This pursuit is one of Jayaram’s chief passions. His lab on the CU Boulder campus is home to a lot of creepy crawlies, including several large, furry wolf spiders. ‘Wolf spiders are natural hunters,’ Jayaram said. ‘They live under rocks and can run over complex terrain with incredible speed to catch prey.’
He envisions a world in which engineers build robots that work a bit more like these extraordinary arachnids. ‘Animals are, in some sense, the embodiment of this ultimate design principle – a system that functions really well together,’ he said.
The question of who can run better – animals or robots – is complicated because running itself is complicated. In previous research, Jayaram and his colleagues at Harvard University designed a line of robots that seek to mimic the behaviour of the cockroach.
The team’s HAMR-Jr model (pictured above) fits on top of a US penny and sprints at speeds equivalent to that of a cheetah. But, Jayaram noted, while HAMR-Jr can move forwards and backwards, it doesn’t move as well side-to-side or over bumpy terrain. Humble cockroaches, in contrast, have no trouble running over surfaces from porcelain to dirt and gravel. They can also dash up walls and squeeze through tiny cracks.
To understand why such versatility remains a challenge for robots, the authors of the new study broke them down into five subsystems: power, frame, actuation, sensing and control. To the group’s surprise, few of those subsystems seemed to fall short of their equivalents in animals.

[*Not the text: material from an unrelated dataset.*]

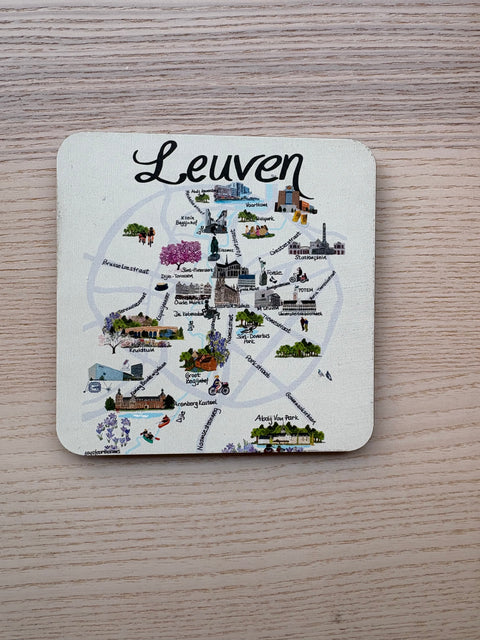 Wooden Coaster- Leuven Map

High-quality lithium-ion batteries, for example, can deliver as much as ten kilowatts of power for every kilogram they weigh. Animal tissue, in contrast, produces around one-tenth of that. Muscles, meanwhile, can’t come close to matching the absolute torque of many motors.
‘But at the system level, robots are not as good,’ Jayaram said. ‘We run into inherent design trade-offs. If we try to optimise for one thing, like forward speed, we might lose out on something else, like turning ability.’
So, how can engineers build robots that, like animals, are more than just the sum of their parts? Animals, Jayaram noted, aren’t split into separate subsystems in the same way as robots. Your quadriceps, for example, propel your legs like HAMR-Jr’s actuators moves its limbs. But quads also produce their own power by breaking down fats and sugars, and incorporate neurons that can sense pain and pressure.
Jayaram thinks the future of robotics may come down to ‘functional subunits’ that do the same thing. Rather than keeping power sources separate from your motors and circuit boards, why not integrate them all into a single part? In a 2015 paper, CU Boulder computer scientist Nikolaus Correll, who wasn’t involved in the current study, proposed such theoretical ‘robotic materials’ that work more like your quads.
Engineers are still a long way away from achieving that goal. Some, such as Jayaram, are making steps in this direction, such as through his lab’s Compliant Legged Articulated Robotic Insect (CLARI), a multi-legged robot that moves a little like a spider. Jayaram explained that CLARI relies on a modular design, in which each of its legs acts like a self-contained robot, with its own motor, sensors and controlling circuitry. The team’s new and improved version, called mCLARI, can move in all directions in confined spaces, a first for four-legged robots.
It’s one more thing that engineers such as Jayaram can learn from those adept hunters, wolf spiders. ‘Nature is a really useful teacher.’
The research has been published in Science Robotics.